Nicholas Kristof, well known for humanitarian efforts and his book and PBS series “A Path Appears” (TV blog Sept. 8, 2015) has an op-ed in the Review of the Sunday New York Times, Oct. 1 about Dr. Ben Carson, “Inspiring, but not for president”, link here. Kristof says he has “kooky ideas for the nation” and is naïve about how stressing moral character of individuals would really solve big policy problems. Kristof, for all his support of personal faith-based volunteerism here and overseas (as in his films), particularly in the areas of support for very young children, recognizes that some issues really are matters of policy.

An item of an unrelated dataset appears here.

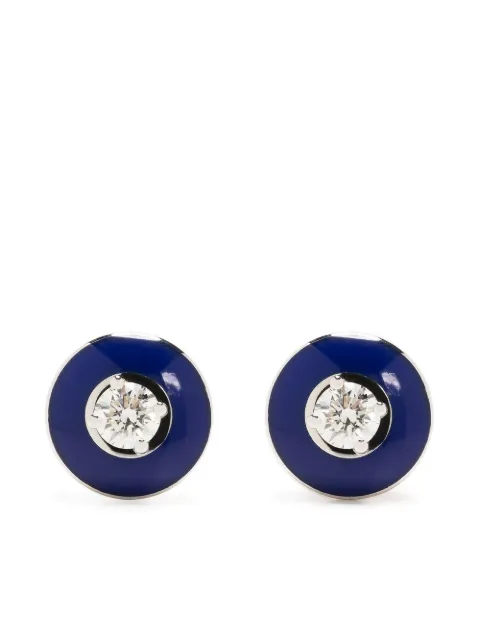 Selim Mouzannar 18kt white gold Mina diamond earrings
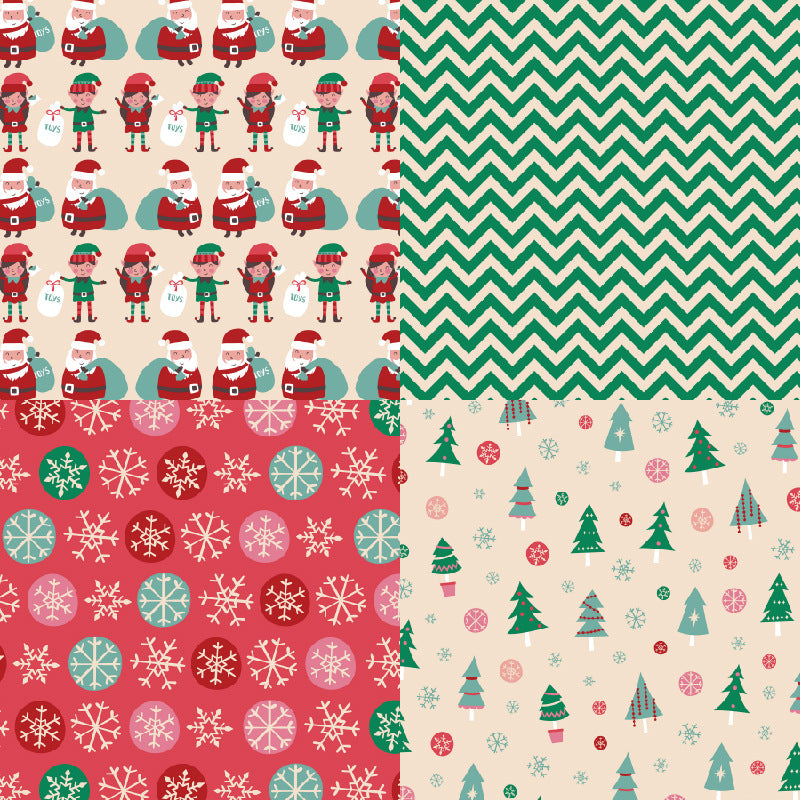 24PCS 6" Yuletide Cheers Scrapbook Paper & Cardstock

Again, social conservatism is based on the idea that the “natural family” (as Carlson and Mero put it, Book revews, Sept. 18, 2009) is the right place for people to learn personal altruism and the satisfaction of meeting needs. The whole process where “women tame men” in marriage (and raising kids) is supposed to lead eventually to reaching out to the poor and disadvantaged here and at home (now consider the refugees). In practice it often doesn’t turn out that way.

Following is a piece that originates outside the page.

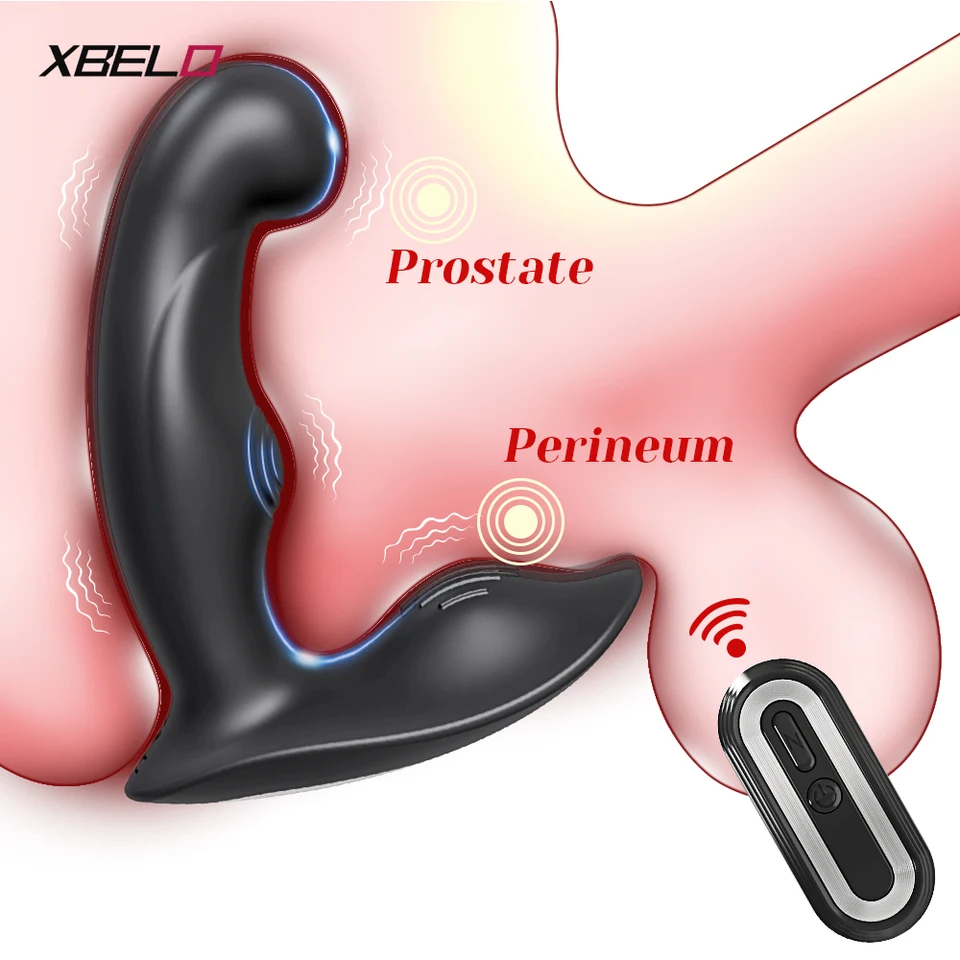 Mužský vibračný zadok plužná zástrčka Prostat Massager diaľkové ovládanie análny vibrátor pre homosexuálov Perineum Massager Sex Hray pre mužov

Indeed, a lot of people see “taking care of your own first” as an intrinsic moral value. This gets elaborated in the gun debate (and Carson has made some disturbing comments on how people should react to the presence of rampage shooters), but also in the survivalist world which views the ability to defend oneself (with weapons) and one’s family as a moral requirement. Indeed, that gets into the background of my own thinking when I read reports about how vulnerable our technologically dependent civilization could be to terrorist indignation (as with my reviews on books on EMP and solar storms, and the book “Lights Out” by Ted Koppel, which I am reading now – see my main blog Oct. 27). Note the Raytheon signs in the DC Metro.